‘100 new faces of Kazakhstan’ project: Zarina Sautbayeva

Zarina Sautbayeva is one of the winners of the ‘100 New Faces of Kazakhstan’ project. The young biomedical researcher was awarded the International Cancer Technology Transfer Fellowship by the Union for International Cancer Control. She studied in the leading medical schools of the world, focusing on the treatment of cancer. She is currently working in this area. The young specialist returned to Kazakhstan to use her experience in practice and share her knowledge with young researchers at Nazarbayev University.


- First, I was learning how to operate a cytometer in the city of Basel in Switzerland, where I studied cell biology. Then, I went to Boston to learn operating the ImageStream machine in Harvard Medical School. After that, I won a fellowship of the Union for International Cancer Control and went to study in Harvard. I was there three times and I studied at the expense of the fellowship that I won. We were involved in a small project there.   

Instructor of Nazarbayev University, Zarina Sautbayeva together with a group of other researchers is working on the colorectal cancer diagnosis, or bowel and colon cancer. It is one of the most common types of cancer.
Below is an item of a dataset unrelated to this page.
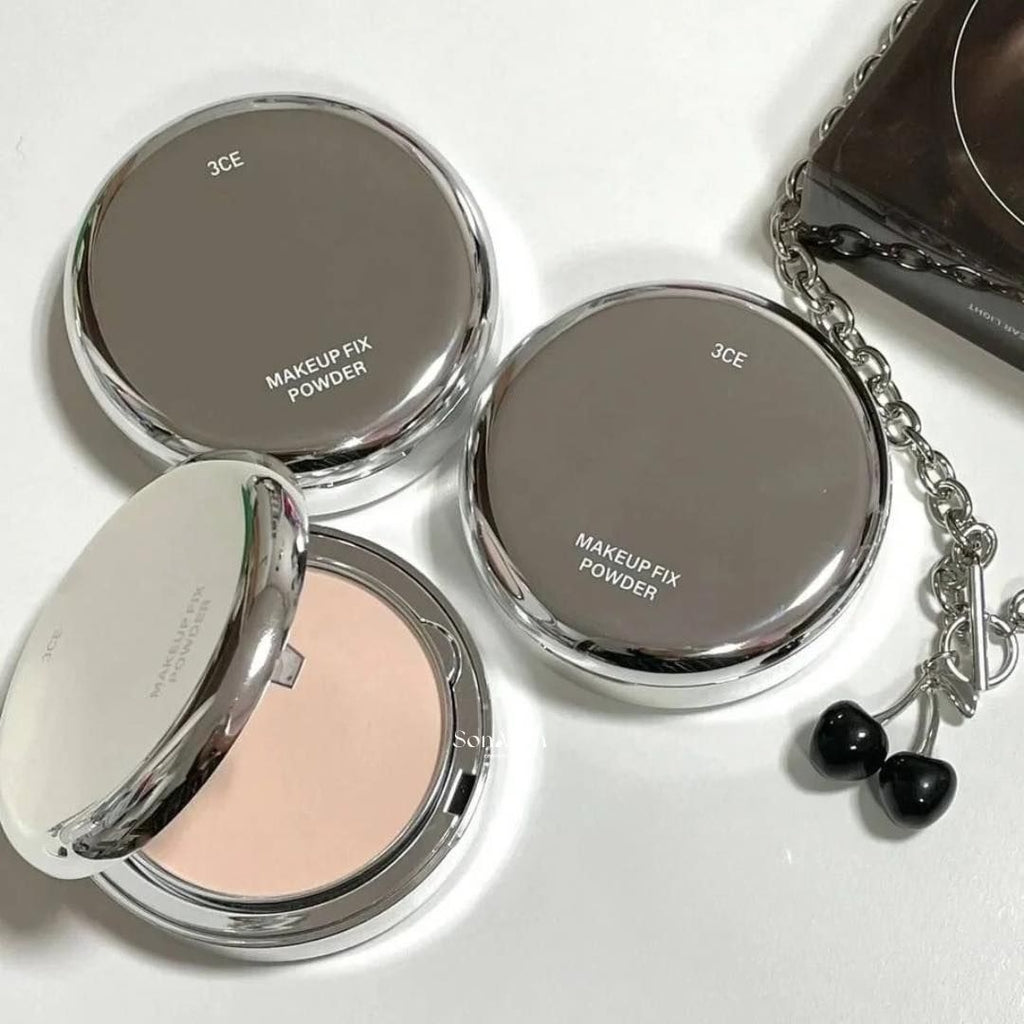 Photo sur fond clair du produit 3CE  Makeup Fix Powder 9g, poudre fixante 3CE en boîtiers ronds, vue rapprochée.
According to the project winner, the treatment success greatly depends on the early detection of the disease.


- We are currently studying the micro particles discharged by the colorectal cancer patients. We want to use them as potential biomarkers. These micro particles may be used for early cancer diagnosis, for prediction of the course of the disease and for monitoring the growth rate of the tumor. This study also provides a possibility of tracking the success of the therapy. We didn’t work this way before, but we can use this study in the future.  

Science is actively developing in Kazakhstan. Zarina Sautbayeva is one of those who initiated the global scientific researches in the country. She believes that the advanced technologies combined with knowledge and faith will help defeat the deadly disease.